Estar sola en casa y con castigo no era tan malo si podía ver TV y tenia mi celular. Lo que me aburría era tener que estar en silencio sola, mientras posiblemente la mayoría de adolescentes estaban disfrutando su noche y su fin de semana.

En la TV no había nada bueno, solo algunas novelas y películas que no eran de mi interés. Quería hacer algo, pero digamos que tampoco quería extender mi castigo.

Mi perro era mi única compañía en este momento de soledad, no entendía como él podía estar todos los días en casa sin siquiera mordernos de desesperación o algo. Yo en su lugar ya habría tratado de fugarme.

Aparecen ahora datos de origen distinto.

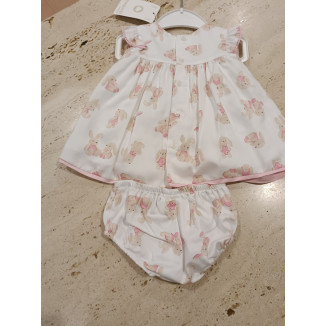 Vestido + Braga Rosa Baby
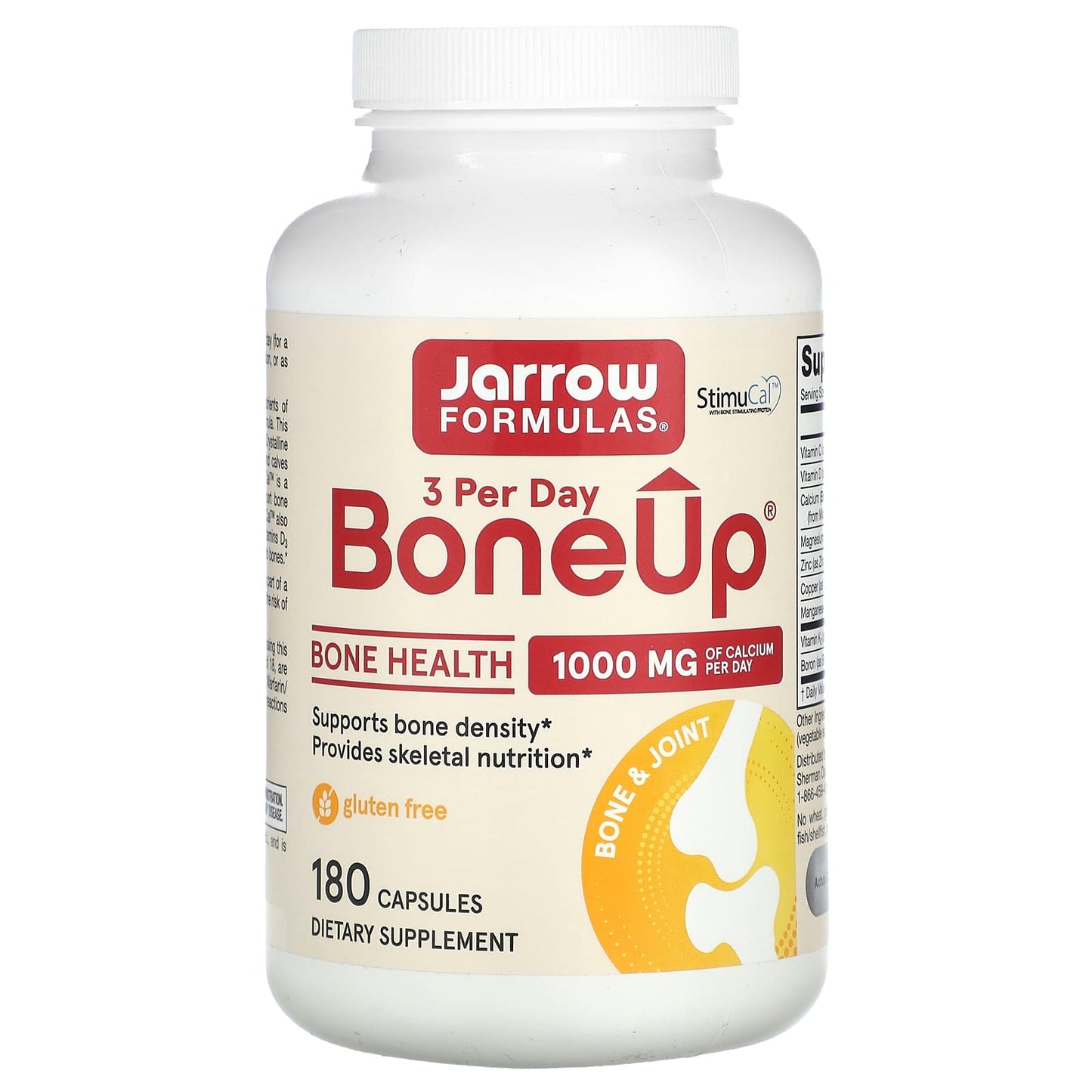 <strong>Jarrow Formulas BoneUp 3 Per Day</strong> 1,000 mg Calcium Supplements for Bone Health - Image 1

Era una noche calmada, extrañaba a mis amigos y a... él. Quería verlos, quería distraerme, esto de estar solamente hablando con ellos por teléfono no era suficiente. Los quería presentes. Elías había venido algunas veces a hacerme una corta visita, decía que le daba lástima verme como prisionera.

Seguía cambiando los canales rápidamente al no ver nada interesante y después de un rato mi dedo dolía.
Suspiré pesadamente y me dejé caer en el sillón, estaba a punto de dormir cuando alguien llamó a la puerta.

Me levanté rápido y caminé hasta llegar allí y poder abrir. Al ver a mi amiga frente a mi, sonreí abiertamente y ella igual.

—¡Hola! — saludé con entusiasmo.

Ella me abrazó y yo le devolví el abrazo ejerciendo un poco de fuerza. Agradecía que hubiese aparecido para sacarme de mi soledad.

—Querida, el rubio oxigenado me dijo que estabas castigada —dijo abrasándome y yo reí—. Ven, salgamos.

Separó el abrazo para tomarme de la mano e invitarme a ir afuera. La detuve y la miré incrédula. Ella me miró confundida.

—Acabas de decir castigada y salgamos en la misma oración.

—Ah, cierto. Entonces entremos —propuso.

Negué con diversión y asentí. Entramos a mi casa y cerré la puerta detrás de ella. Fuimos a la sala y nos sentamos en el mueble, subí las piernas a este hasta quedar sentada como flor de loto y ella estiró sus pies y los puso sobre la mesita de al frente. Que confianza.

—Llegaste en el mejor momento —avisé.

Ella volteó a verme y sonrió.

—Así soy yo, salvando las vidas desdichadas —habló orgullosa.

Yo reí, y ella me siguió. Ambas dirigimos la vista a nuestra nueva compañía sentada a mi lado.